À vrai dire, Google s’était déjà avancé sur ce terrain en 2010 en annonçant son intention de lancer dans certaines villes américaines un service de fibre optique. En 2014, le moteur de recherche avait précisé avoir identifié 34 villles intéressées et avoir demandé aux responsables de neuf zones urbaines intéressées de fournir des renseignements techniques et administratifs avant un possible déploiement.
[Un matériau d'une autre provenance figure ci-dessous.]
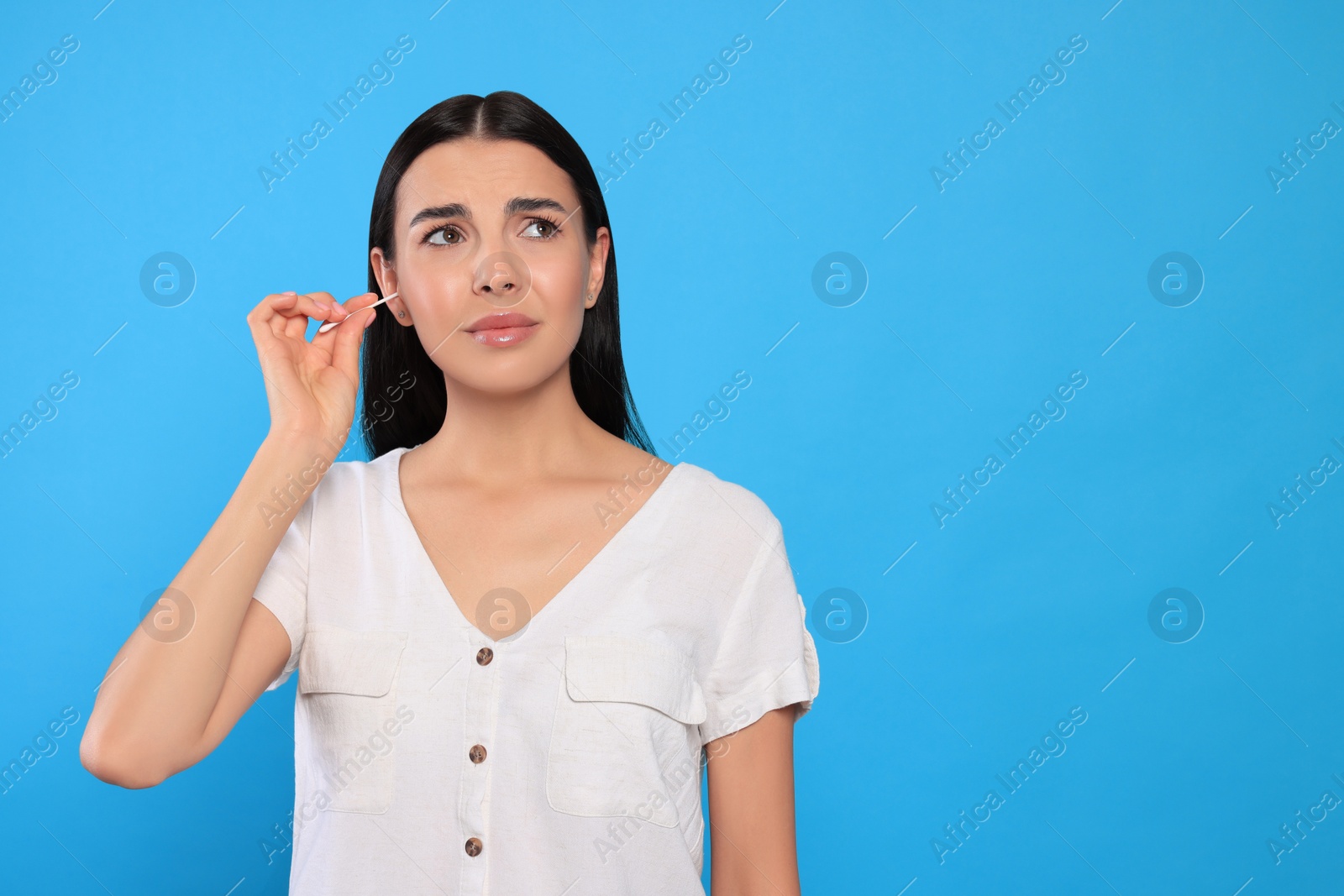 Photo of Young woman cleaning ear with cotton swab on light blue background. Space for text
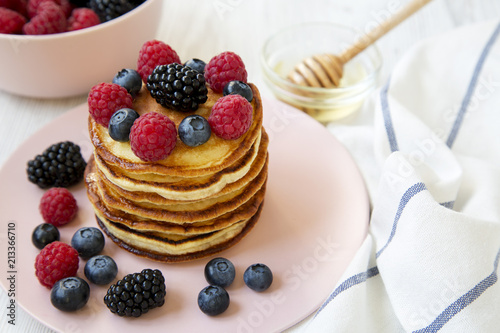 Pancakes with berries and honey on a round pink plate, low angle. Closeup.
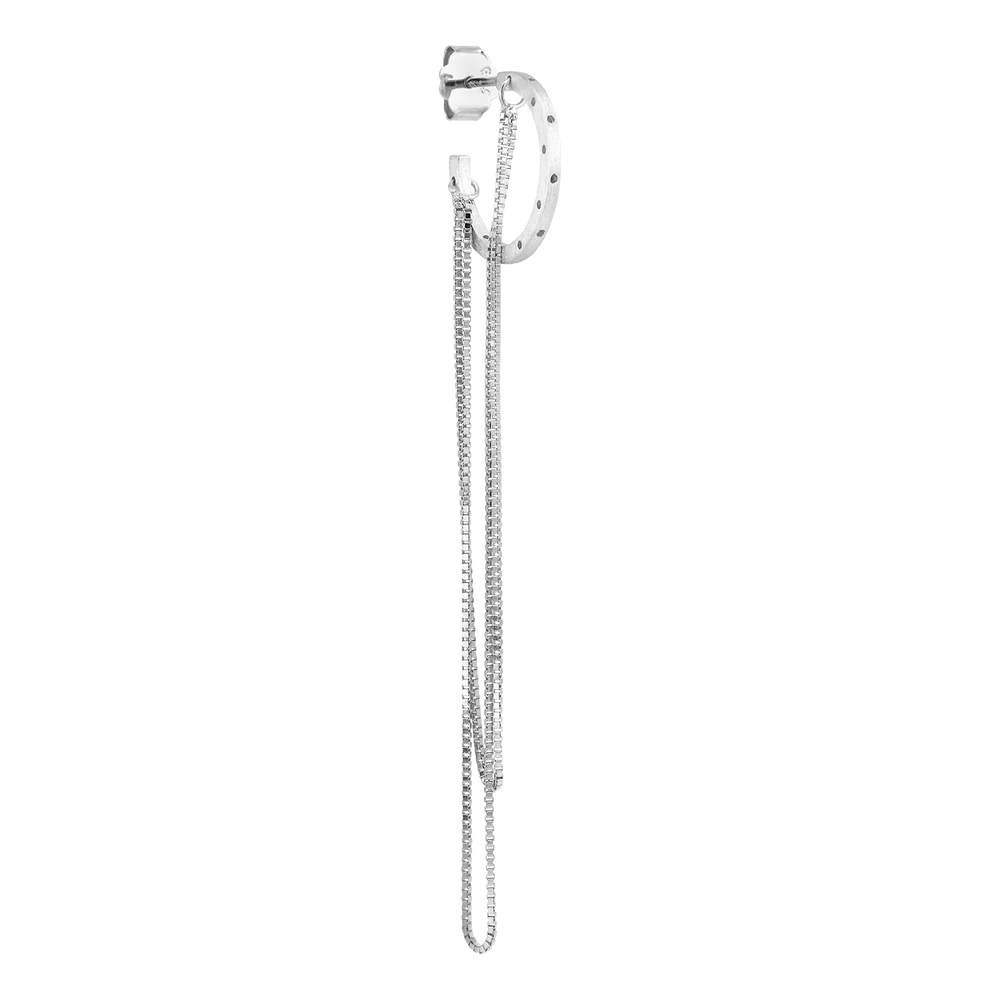 The Orbis Chain Hoop by Jane Koenig is a sterling silver ear cuff with delicate chain strands hanging from a small stud, showcasing minimalist modern design against a plain white background.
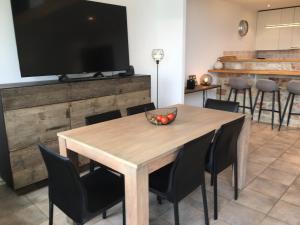 弗朗科爾尚的住宿－Baronheid，用餐室配有木桌、椅子和电视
Avec cette nouvelle initiative, Google enfonce le clou et pourrait donc un jour devenir un intervenant sur le marché de AT&T, Verizon, voire British Telecom ou Orange. Quel objectif poursuit donc Google ? Selon le magazine Wired, il entend rester un opérateur modeste, mais orienter le marché, grâce à sa puissance de feu, dans une direction qui sert ses intérêts.
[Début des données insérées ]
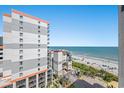 Balcony view featuring a beach, blue ocean, and neighboring high-rise condos at 7100 N Ocean Blvd. # 1023, Myrtle Beach, SC 29572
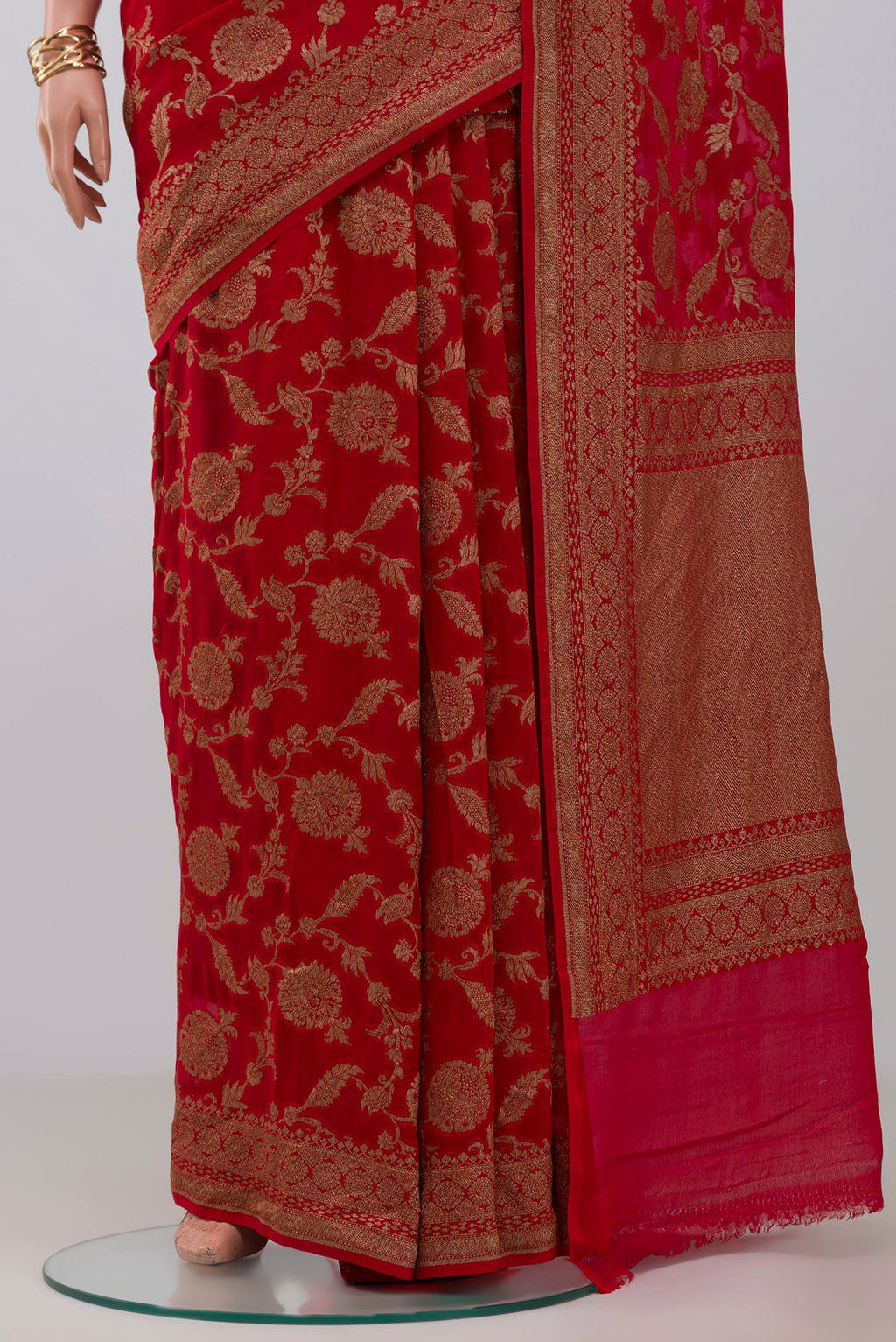 Pleats and pallu of Red Georgette Saree with Fancy on the body and Fancy Border.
Dans l’immédiat, il souhaite explorer la possibilité de créer une passerelle entre réseaux cellulaires et réseaux Wifi, en permettant par exemple de transférer un appel en cours d’un réseau à un autre. Une piste déjà explorée par certains opérateurs, mais que par le biais d’Android, premier système d’exploitation mobile dans le monde, Google peut influencer de manière significative. Google peut aussi être tenté à moyen terme de mettre les pieds dans le plat en favorisant des réseaux sans fil autres que le cellulaire et le WiFi, ce qui dérangerait beaucoup plus les grands intervenants établis et menacerait directement leur modèle d’affaires.
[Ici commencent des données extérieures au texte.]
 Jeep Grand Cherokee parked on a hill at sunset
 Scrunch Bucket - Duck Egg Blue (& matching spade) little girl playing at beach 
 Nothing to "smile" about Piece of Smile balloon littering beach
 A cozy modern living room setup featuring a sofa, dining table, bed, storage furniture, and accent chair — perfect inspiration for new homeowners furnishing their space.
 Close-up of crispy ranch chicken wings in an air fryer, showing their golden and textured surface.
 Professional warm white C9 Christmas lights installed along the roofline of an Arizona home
Dans cette perspective, le réseau de fibre optique que Google est en train de monter pourrait servir à créer des zones Wifi qui pourraient s’intégrer au réseau annoncé cette semaine. Une autre possibilité serait que Google utilise pour ce projet ses ballons volant à haute altitude et des drones pour offrir de la connectivité dans des zones qui n’en proposent pas aujourd’hui.

Une autre implication de ces efforts pourrait aussi être celle d’une évolution vers des débits beaucoup plus importants, grâce notamment à un réseau dit pCell, dont l’inventeur, Steve Perlman, participe au projet de Google et assure qu’il permet des vitesses de transmission 35 fois plus élevées que les réseaux actuels.

Clairement, davantage que de devenir un opérateur comme les autres et de se créer une rente d’utilisateurs plus ou moins captifs, Google cherche à favoriser l’éclosion d’une plus grande connectivité, qu’il considère comme un facteur indispensable pour faciliter l’adoption de ses autres services. On songe par exemple aux efforts en cours de Google pour lancer un véhicule électrique sans chauffeur : une initiative qui est susceptible d’initier une révolution en profondeur dans la façon dont nos sociétés fonctionnent et qui requiert une connectivité beaucoup plus importante que celle que nous connaissons aujourd’hui. Google ne souhaite probablement pas devenir l’opérateur exclusif de telles infrastructures, mais plutôt peser sur les différents marchés concernés de façon à faciliter leur avènement. Cela passe nécessairement par une mise en question du status quo, que ce soit du côté des opérateurs de télécommunications, souvent plus intéressés à maximiser les profits qu’ils parviennent à extraire de leurs infrastructures existantes que d’adopter les nouvelles technologies disponibles, que dans l’univers des transports, où l’arrivée de véhicules sans chauffeurs serait naturellement vécue par la plupart des intervenants comme une attaque frontale contre l’emploi.